- **What is required**:
Set down a faithful copy of every record below, with no images.
##### Data in this exercise
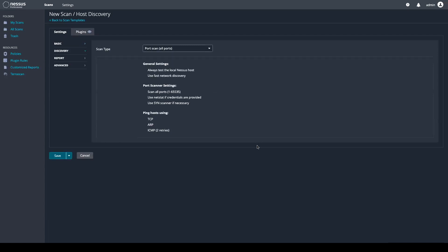By default, we choose 4,000 common ports, or we can choose all 65,535 ports, or you can customize it using your own port scan range.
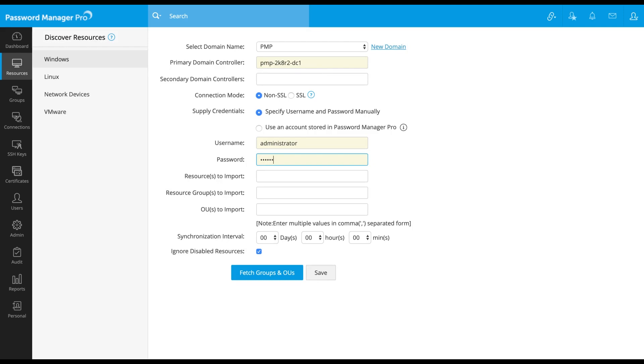Now, let me import one of the member servers and show you how the accounts are getting discovered.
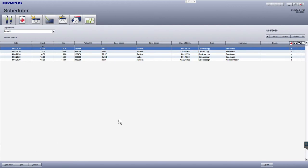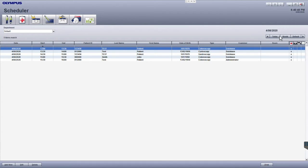First check that the scheduler date is correct, as this is the date that you will be adding examinations for. You have the option to populate your examination list for a future date by changing this scheduler date.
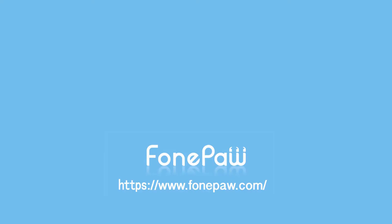So that's all. If you want to see more mobile tips you can subscribe us or go to fonepaw.com. And don't forget to share this video with your friends.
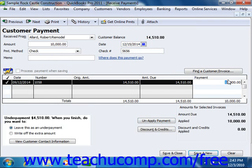In QuickBooks 2011, entering partial payments also allows you to write off the extra amount at the bottom of the screen. This feature also appears in QuickBooks 2010. You may want to use this if a customer accidentally shorted you a small amount that is not worth rebilling.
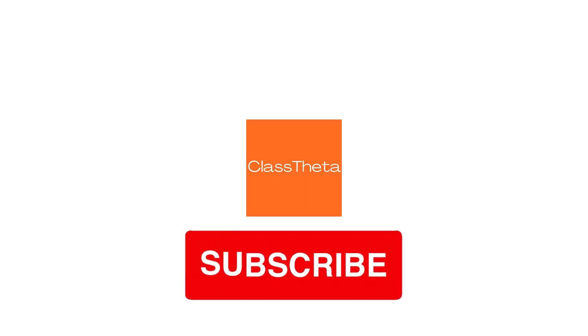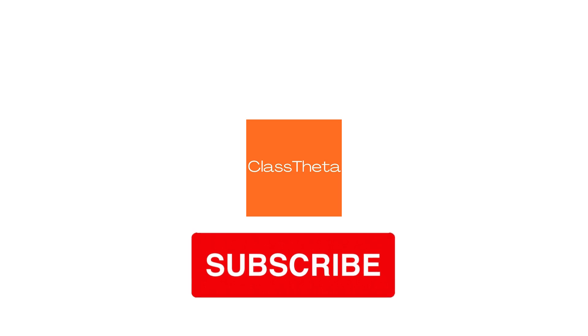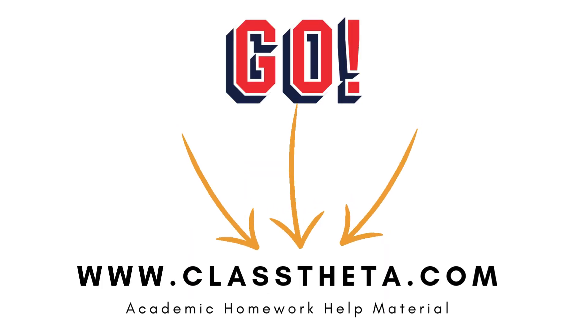Thank you very much for watching the video. Please don't forget to like, share, and subscribe to our channel. Until the next question, bye bye.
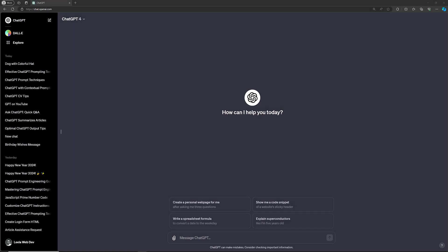Hi guys, this is Leela, welcome to my channel Leela Web Dev. So we have learned about prompt engineering and the different ways of prompting. There are also different ways, and I want to tell you the things which we will be using most commonly, or otherwise you can also ask ChatGPT itself.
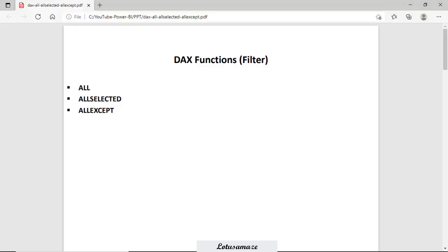Hi guys, this is Anash Sharma and in this session we will discuss the DAX functions ALL, ALLSELECTED, and ALLEXCEPT.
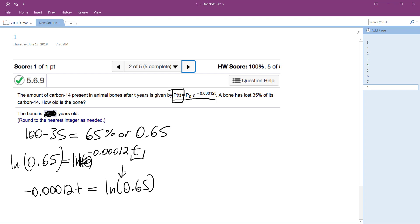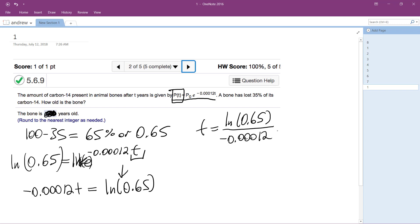And this is a negative number. Natural log of 0.65, or less than 1, is a negative number. So time is simply going to be equal to natural log of 0.65 over negative 0.00012.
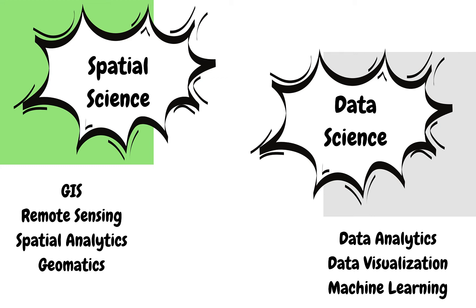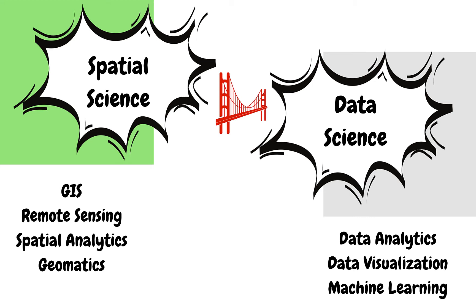One of the major mottos of this channel is to bridge the gap between spatial science and data science. That way we can address issues associated with forestry or climate change, so that these koalas can sleep in peace.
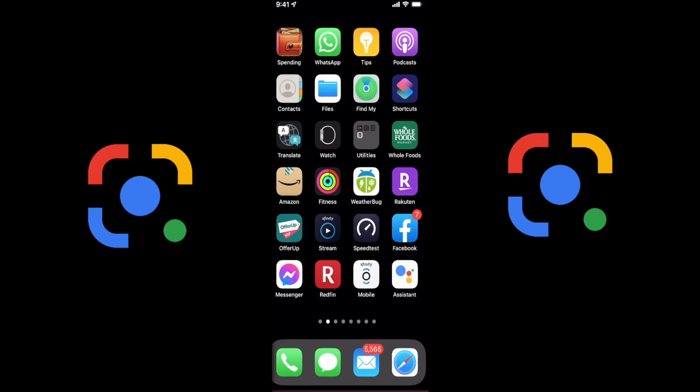Hey guys, welcome back to another episode of Your Review Channel, and yes, we're talking about Google Lens.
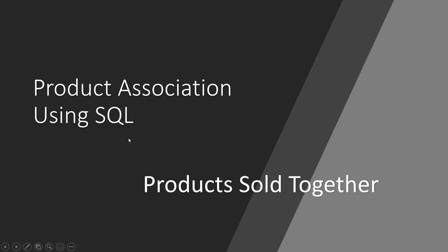So in this video, we are going to identify which two products have been sold together most often and we will do it using SQL.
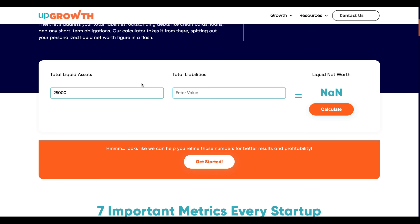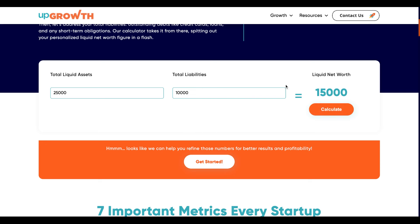Then I have to input values for total liabilities. Let's say I have credit card debt of $7,000 and on top of that a personal loan of $3,000, which makes it $10,000 in total liabilities. Simply hit calculate and you get the liquid net worth — this means I have $15,000 in readily available cash to cover my short-term debts.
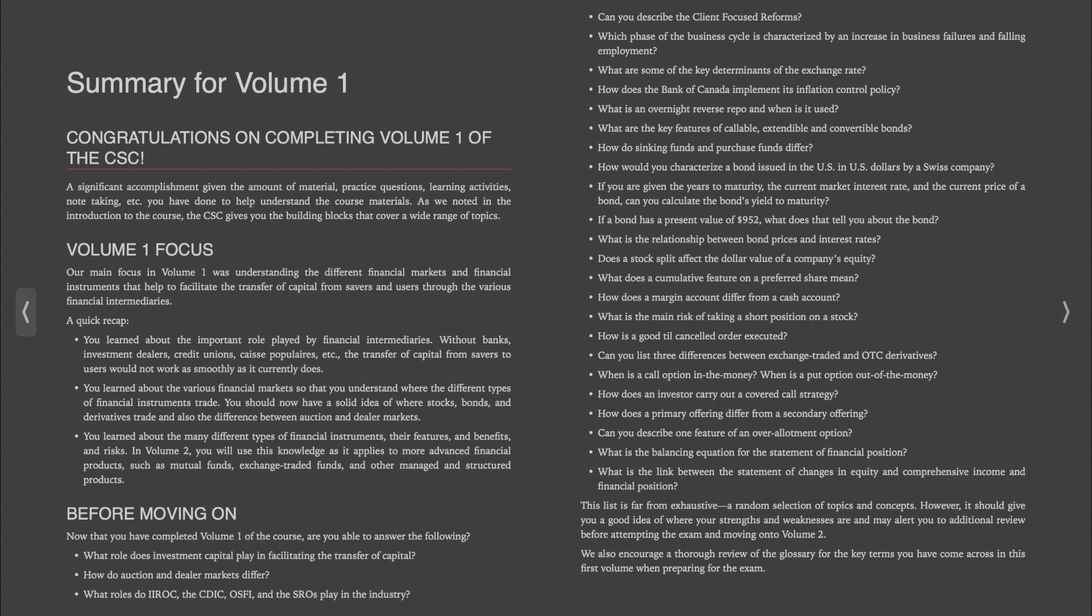If a bond has a present value of $952, what does that tell you about the bond? What is the relationship between bond prices and interest rates?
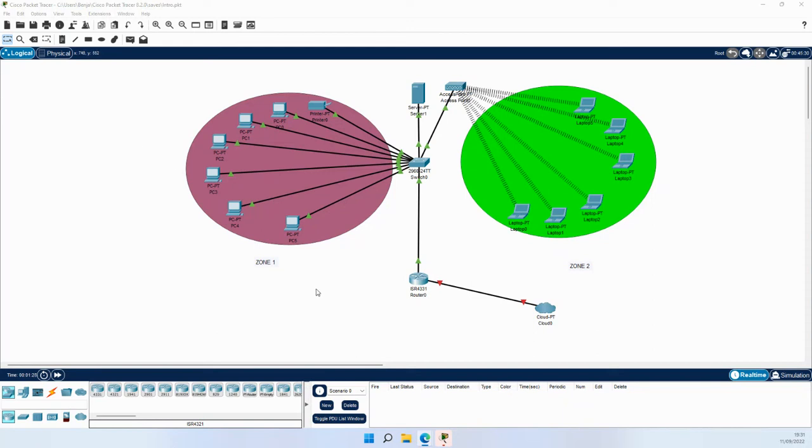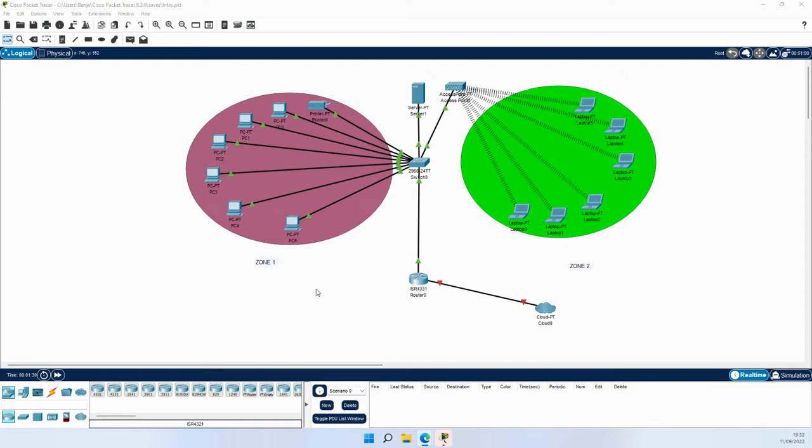For this project, we've created two floors for a network, symbolized on this diagram. This is what we're going to be working through in this playlist - finishing with a fully configured network on two floors. We've got Zone 1 and Zone 2 represented by the purple and green.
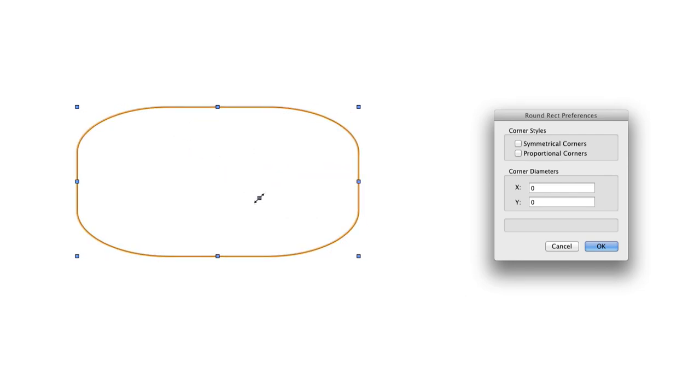The rounded rectangle tool allows for the creation of this commonly used shape quickly and easily.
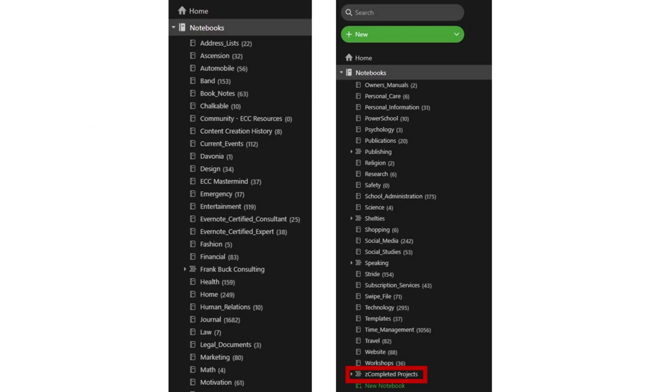Having a current project stack keeps things that are a work in progress separate from things that are simply reference material. Scrolling down reveals a list of reference notebooks. The very last is a stack for completed projects, which now become reference information. One thing to remember if you collaborate with others is that you can share a notebook — every note in that notebook can be accessed and edited by those you choose to share it with. You can't share a tag.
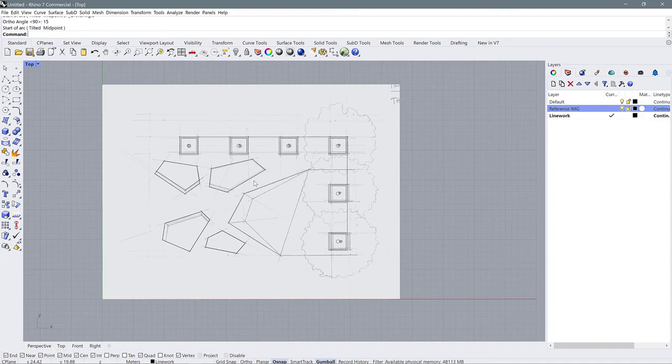Hopefully that's enough to get you started with drafting in Rhino. In the next tutorial, I'm going to show you how to export your line work and bring it into Illustrator. Thank you so much.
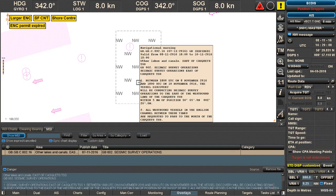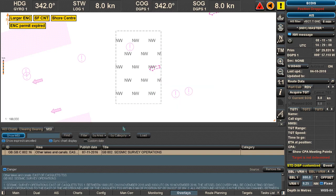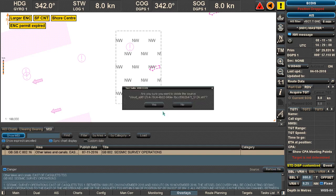The nav warning is automatically displayed on your ECTIS. To remove it, you can use 'Remove file' and it will disappear — it will first ask if you really want to remove it. Click yes and it disappears.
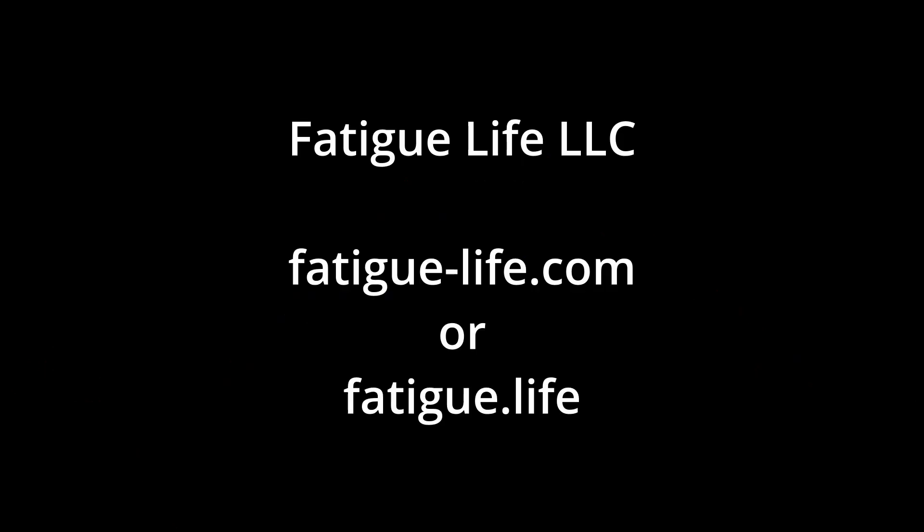For more information, please visit our website at fatigue-life.com or fatigue.life.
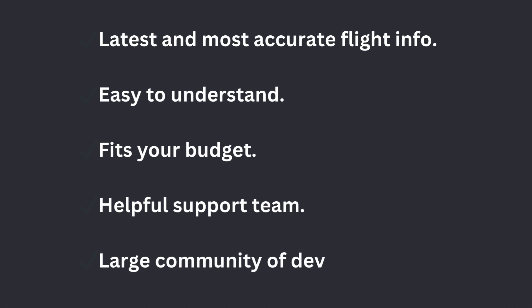Look for an API that works well without many problems. Make sure the API fits your budget. Choose an API with a helpful support team if you need help. It's great if the API has a community of developers who can help each other.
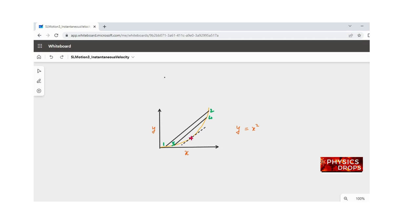This video is about instantaneous velocity. To understand instantaneous velocity, let's see how to find the slope of a curve. If we have an equation y equals x squared, the plot typically looks like the one shown in the graph. The yellow line shows how y changes as x changes. To find the slope of such a curve, let's take the instance of finding the slope between points 0.1 and 0.2 on the curve.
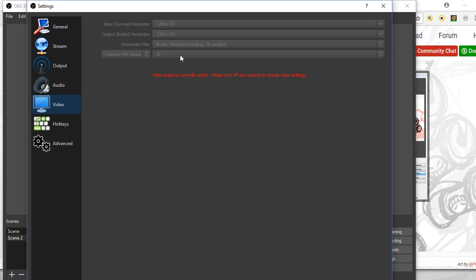Which I guess is 10 frames per second. I'm not the biggest professional with this sort of stuff, but that completely fixed it. Now I'm able to film it, record my screen, and it comes up with no glitches whatsoever, as you're obviously seeing.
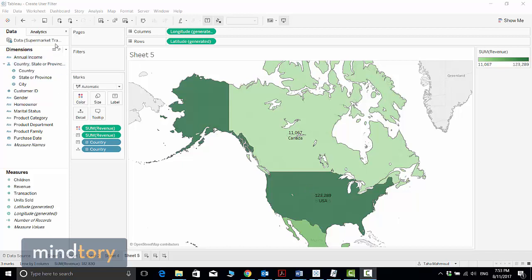To follow along in this video, I recommend you establish a data connection for the supermarket transaction Excel file. You can find a link below the video to download this data source and establish a connection. For now I will start assuming that you already established this connection and prepared your data.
##########
- **Written answer**:
By default, we choose 4,000 common ports, or we can choose all 65,535 ports, or you can customize it using your own port scan range.
Now, let me import one of the member servers and show you how the accounts are getting discovered.
First check that the scheduler date is correct, as this is the date that you will be adding examinations for. You have the option to populate your examination list for a future date by changing this scheduler date.
So that's all. If you want to see more mobile tips you can subscribe us or go to fonepaw.com. And don't forget to share this video with your friends.
In QuickBooks 2011, entering partial payments also allows you to write off the extra amount at the bottom of the screen. This feature also appears in QuickBooks 2010. You may want to use this if a customer accidentally shorted you a small amount that is not worth rebilling.
Thank you very much for watching the video. Please don't forget to like, share, and subscribe to our channel. Until the next question, bye bye.
Hi guys, this is Leela, welcome to my channel Leela Web Dev. So we have learned about prompt engineering and the different ways of prompting. There are also different ways, and I want to tell you the things which we will be using most commonly, or otherwise you can also ask ChatGPT itself.
Hi guys, this is Anash Sharma and in this session we will discuss the DAX functions ALL, ALLSELECTED, and ALLEXCEPT.
And this is a negative number. Natural log of 0.65, or less than 1, is a negative number. So time is simply going to be equal to natural log of 0.65 over negative 0.00012.
One of the major mottos of this channel is to bridge the gap between spatial science and data science. That way we can address issues associated with forestry or climate change, so that these koalas can sleep in peace.
Hey guys, welcome back to another episode of Your Review Channel, and yes, we're talking about Google Lens.
So in this video, we are going to identify which two products have been sold together most often and we will do it using SQL.
Then I have to input values for total liabilities. Let's say I have credit card debt of $7,000 and on top of that a personal loan of $3,000, which makes it $10,000 in total liabilities. Simply hit calculate and you get the liquid net worth — this means I have $15,000 in readily available cash to cover my short-term debts.
If a bond has a present value of $952, what does that tell you about the bond? What is the relationship between bond prices and interest rates?
For this project, we've created two floors for a network, symbolized on this diagram. This is what we're going to be working through in this playlist - finishing with a fully configured network on two floors. We've got Zone 1 and Zone 2 represented by the purple and green.
The rounded rectangle tool allows for the creation of this commonly used shape quickly and easily.
Having a current project stack keeps things that are a work in progress separate from things that are simply reference material. Scrolling down reveals a list of reference notebooks. The very last is a stack for completed projects, which now become reference information. One thing to remember if you collaborate with others is that you can share a notebook — every note in that notebook can be accessed and edited by those you choose to share it with. You can't share a tag.
Hopefully that's enough to get you started with drafting in Rhino. In the next tutorial, I'm going to show you how to export your line work and bring it into Illustrator. Thank you so much.
The nav warning is automatically displayed on your ECTIS. To remove it, you can use 'Remove file' and it will disappear — it will first ask if you really want to remove it. Click yes and it disappears.
For more information, please visit our website at fatigue-life.com or fatigue.life.
Look for an API that works well without many problems. Make sure the API fits your budget. Choose an API with a helpful support team if you need help. It's great if the API has a community of developers who can help each other.
This video is about instantaneous velocity. To understand instantaneous velocity, let's see how to find the slope of a curve. If we have an equation y equals x squared, the plot typically looks like the one shown in the graph. The yellow line shows how y changes as x changes. To find the slope of such a curve, let's take the instance of finding the slope between points 0.1 and 0.2 on the curve.
Which I guess is 10 frames per second. I'm not the biggest professional with this sort of stuff, but that completely fixed it. Now I'm able to film it, record my screen, and it comes up with no glitches whatsoever, as you're obviously seeing.
To follow along in this video, I recommend you establish a data connection for the supermarket transaction Excel file. You can find a link below the video to download this data source and establish a connection. For now I will start assuming that you already established this connection and prepared your data.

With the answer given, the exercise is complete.